Source material: Begin

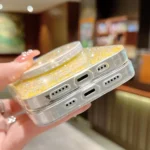 Starry Sequin Round Mirror Stand Epoxy TPU Phone Case - Image 7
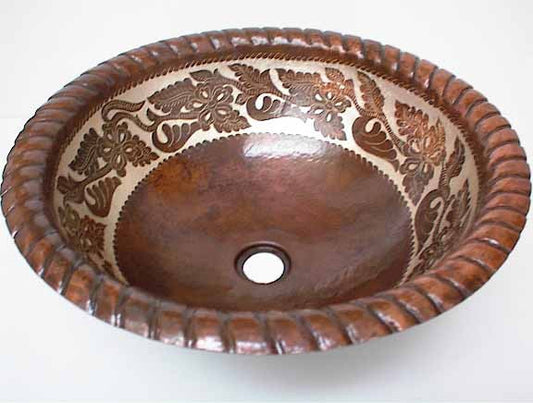 Copper Bathroom Sink w/ Floral Design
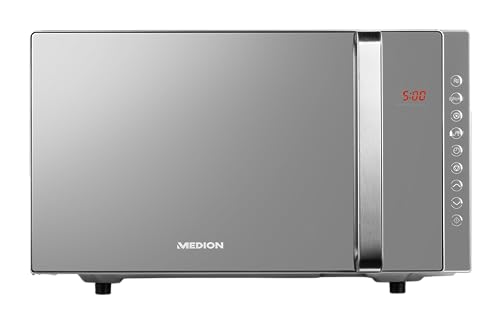 MEDION Micro-onde 3en1 avec gril et air chaud combiné (23L, 800W, 1200 W gril/air chaud, 10 programmes automatiques, 5 niveaux de puissance, mode décongeler, design miroir, MD17495) argent – Image 2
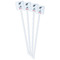 Baseball White Plastic Stir Stick - Double Sided - Square - Front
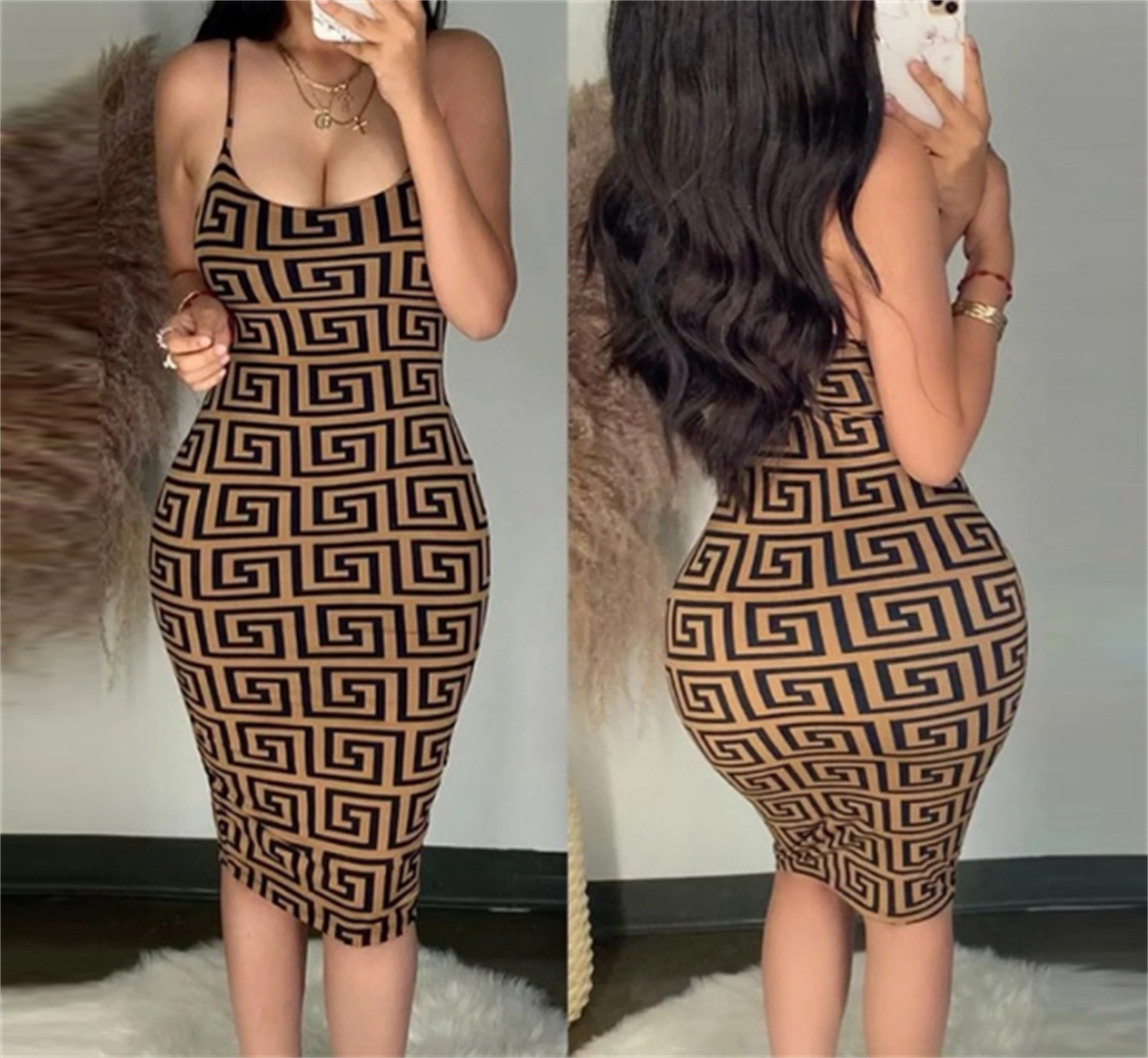 

Designer Sexy Dresses Summer Women Sleeveless Bodycon Dress Casual Solid Sheath Long Sundress Streetwea Skirts Club Clothing Size S-2XL, Khaki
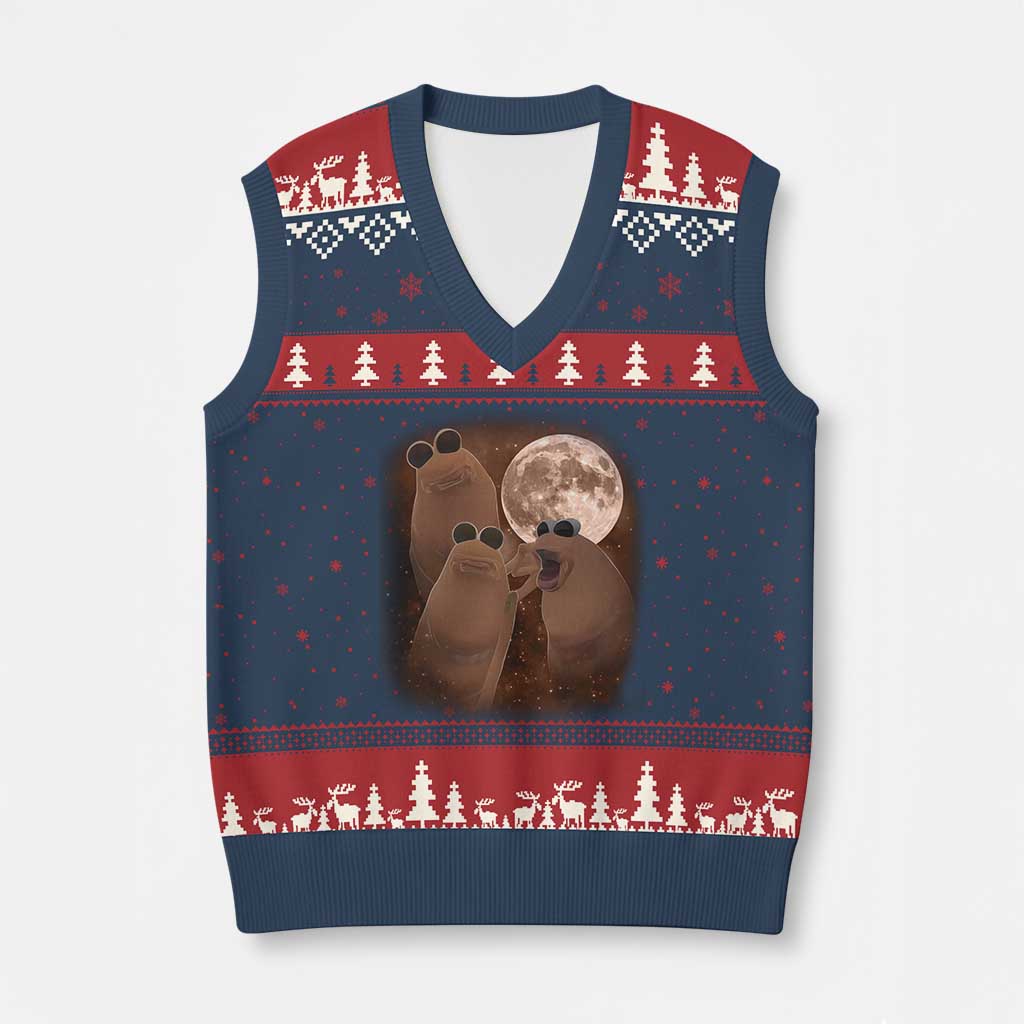 Three Marcus The Worm Moon V-Neck Knit Sweater Vest Funny Weird Cursed Meme - Wonder Print Shop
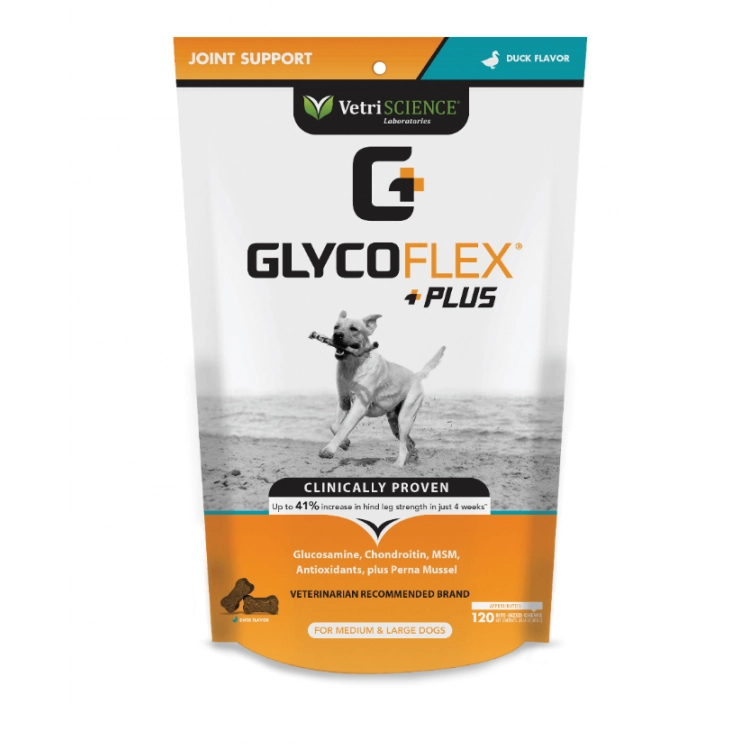 GlycoFlex Plus, ízületi támogatás kutyáknak, jutalomfalat, 120 db, Vetri Science
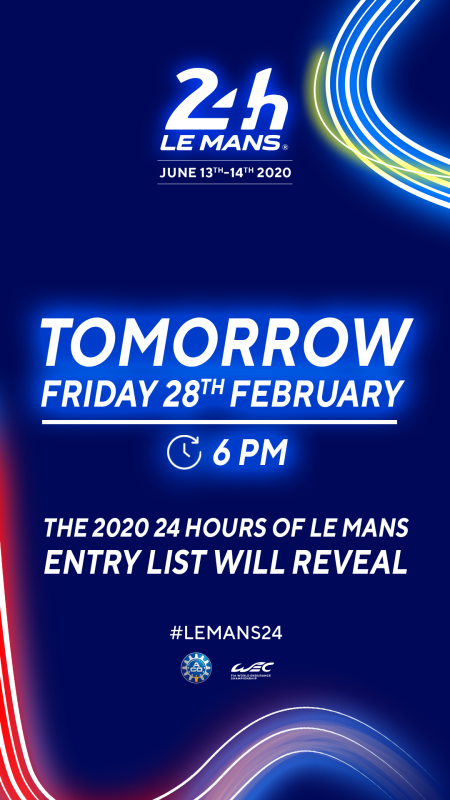 2020 Le Mans entries revealed tomorrow!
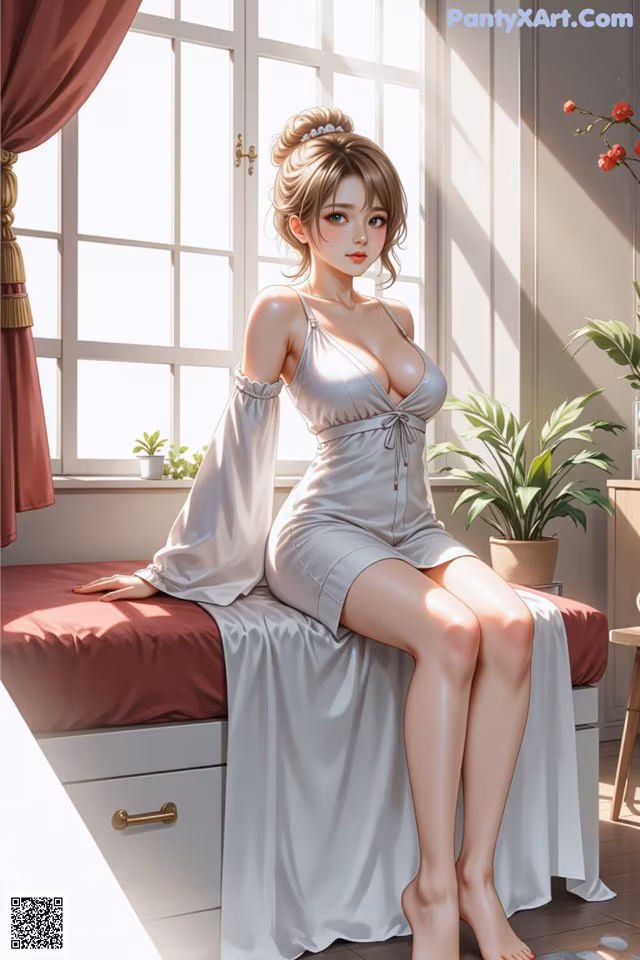 A woman sitting on a bed in a white dress.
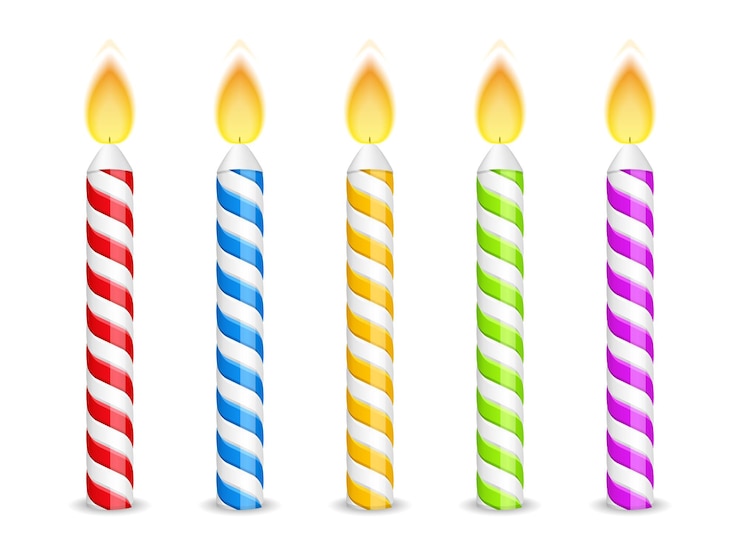 Vettore candele di compleanno su sfondo bianco illustrazione vettoriale eps10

Source material: End

* **Your goal**: Reproduce verbatim every line starting at the line that holds "Baseball White Plastic" and ending with the final line of the data; omit the pictures.

* **Response area**:
 Baseball White Plastic Stir Stick - Double Sided - Square - Front

Designer Sexy Dresses Summer Women Sleeveless Bodycon Dress Casual Solid Sheath Long Sundress Streetwea Skirts Club Clothing Size S-2XL, Khaki
 Three Marcus The Worm Moon V-Neck Knit Sweater Vest Funny Weird Cursed Meme - Wonder Print Shop
 GlycoFlex Plus, ízületi támogatás kutyáknak, jutalomfalat, 120 db, Vetri Science
 2020 Le Mans entries revealed tomorrow!
 A woman sitting on a bed in a white dress.
 Vettore candele di compleanno su sfondo bianco illustrazione vettoriale eps10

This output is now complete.